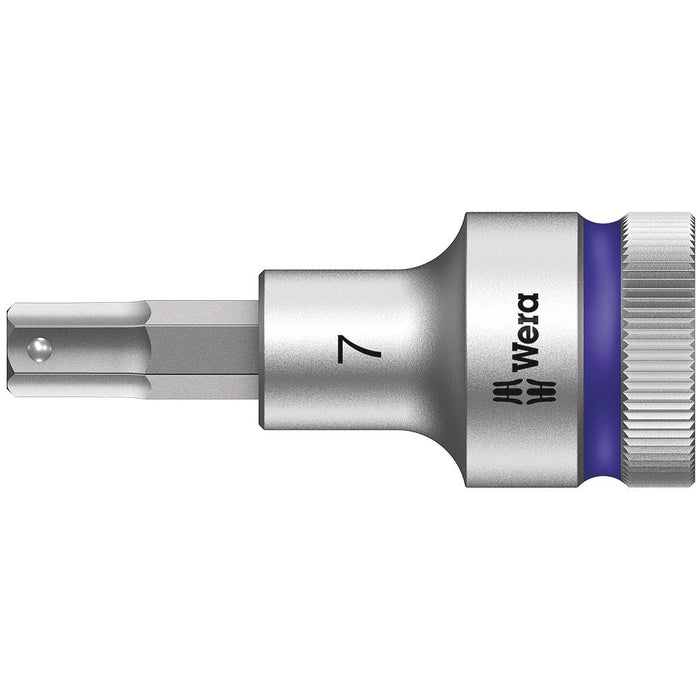 Wera 8740 C HF Zyklop bit socket with 1/2" drive with holding function, 7 x 60 mm
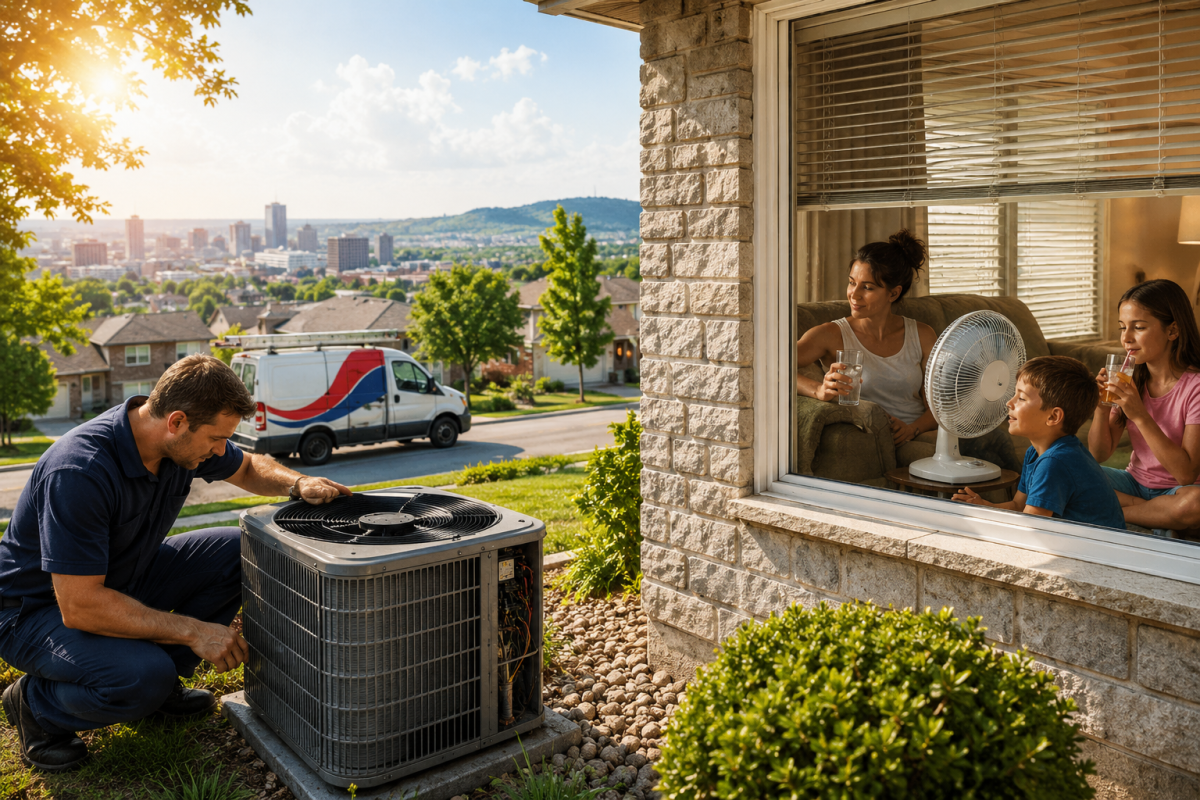 HVAC technician inspecting a broken outdoor air conditioner at a Hamilton home during a summer heatwave while a family stays cool indoors with fans and cold drinks.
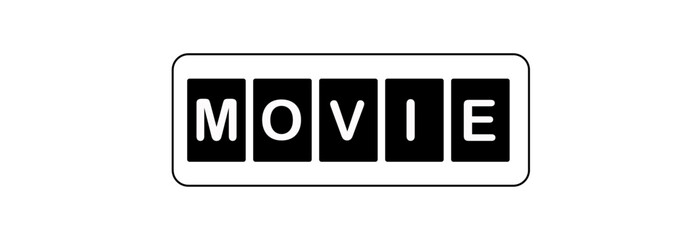 Movie text logo in black and white minimal style with rectangular frame and bold typography design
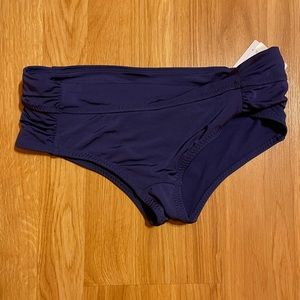 Athleta royal blue ruched hipster bikini bottom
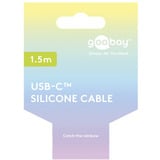 goobay Cavo in silicone USB 2.0 bianco, connettore USB-C > connettore USB-C bianco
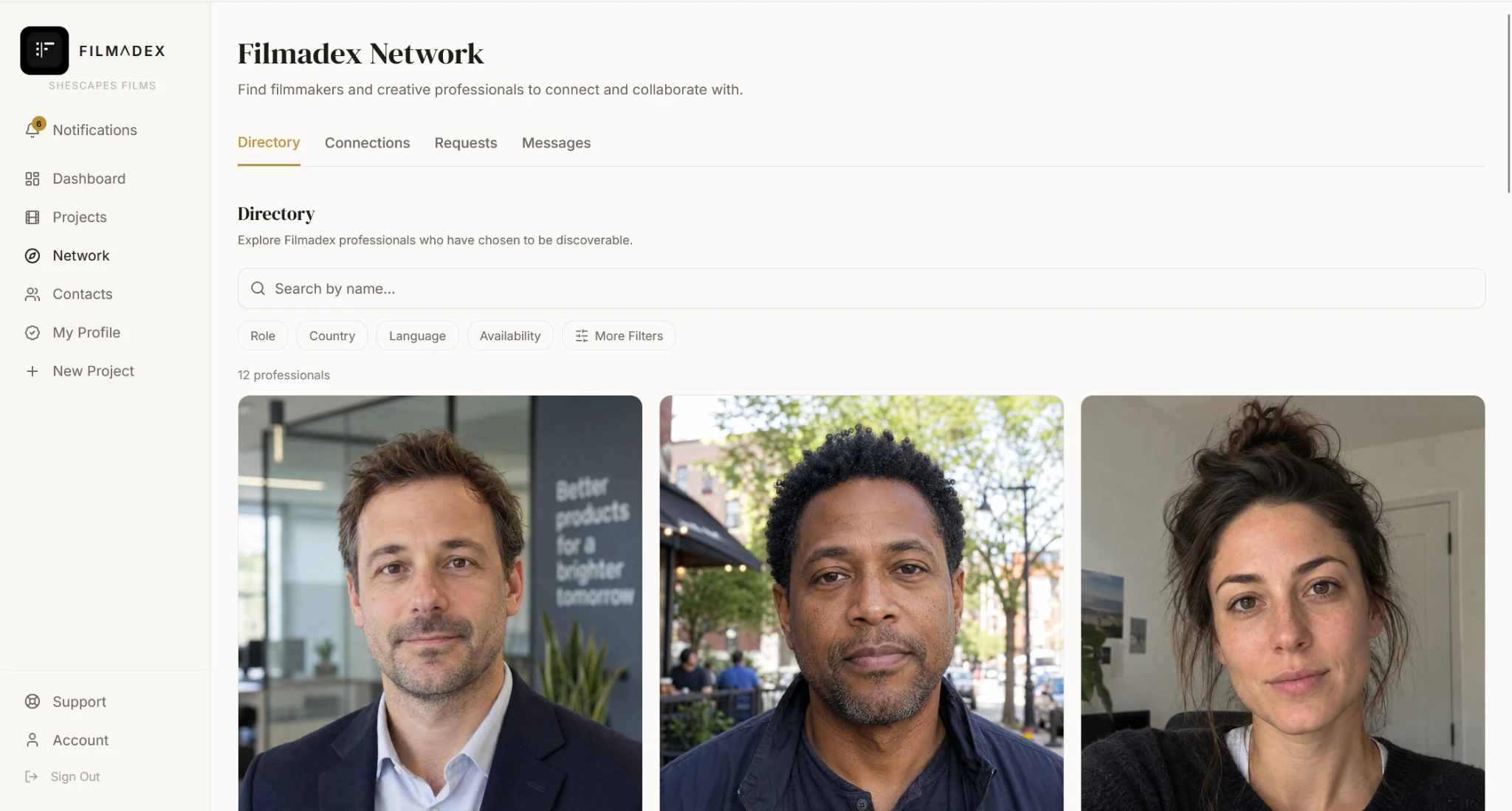Filmadex network directory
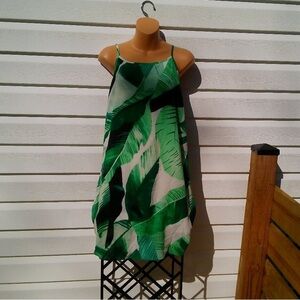 Green Leaf-Print Midi Slip Dress - Women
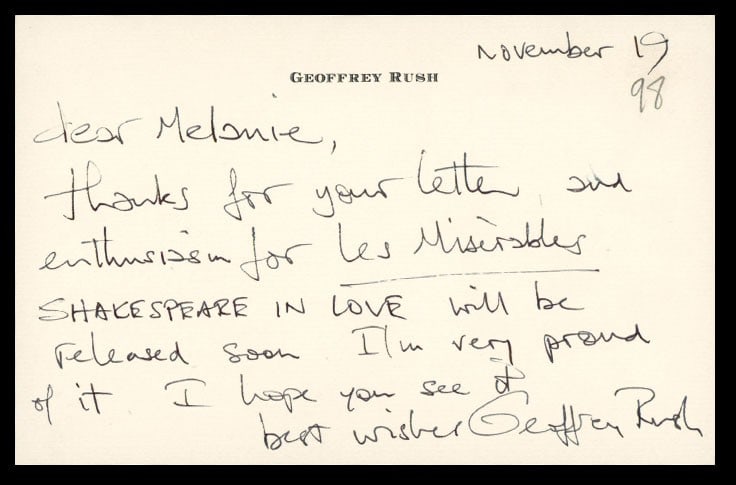 Geoffrey Rush Signed 4.5x7 Note Pirates Of The Caribbean BAS Authenticated: Geoffrey Rush Signed 4.5x7 Note Pirates Of The Caribbean BAS Authenticated This is an authentic signed note measuring 4.5x7 inches, personally signed by Geoffrey Rush, renowned for his role in the Pir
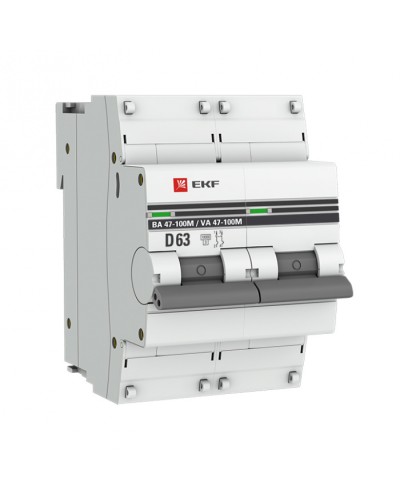 Автоматический выключатель 2P 63А (D) 10kA ВА 47-100M без теплового расцепителя EKF (mcb47100m-2-63D-pro) в Первоуральске Электротехническое оборудование Pintop.ru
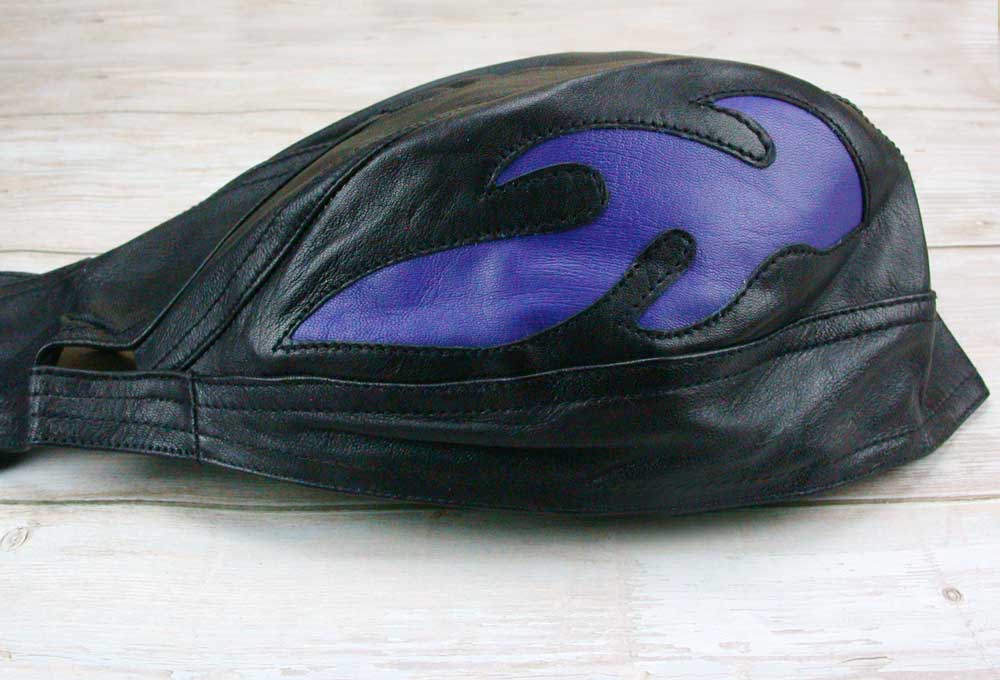 Leather Head Scarf With Flames - Stylish & Durable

■ Task:
Copy out the listing above exactly, and keep the pictures out of it.

■ Result of this task:
 Wera 8740 C HF Zyklop bit socket with 1/2" drive with holding function, 7 x 60 mm
 HVAC technician inspecting a broken outdoor air conditioner at a Hamilton home during a summer heatwave while a family stays cool indoors with fans and cold drinks.
 Movie text logo in black and white minimal style with rectangular frame and bold typography design
 Athleta royal blue ruched hipster bikini bottom
 goobay Cavo in silicone USB 2.0 bianco, connettore USB-C > connettore USB-C bianco
Filmadex network directory
 Green Leaf-Print Midi Slip Dress - Women
 Geoffrey Rush Signed 4.5x7 Note Pirates Of The Caribbean BAS Authenticated: Geoffrey Rush Signed 4.5x7 Note Pirates Of The Caribbean BAS Authenticated This is an authentic signed note measuring 4.5x7 inches, personally signed by Geoffrey Rush, renowned for his role in the Pir
 Автоматический выключатель 2P 63А (D) 10kA ВА 47-100M без теплового расцепителя EKF (mcb47100m-2-63D-pro) в Первоуральске Электротехническое оборудование Pintop.ru
 Leather Head Scarf With Flames - Stylish & Durable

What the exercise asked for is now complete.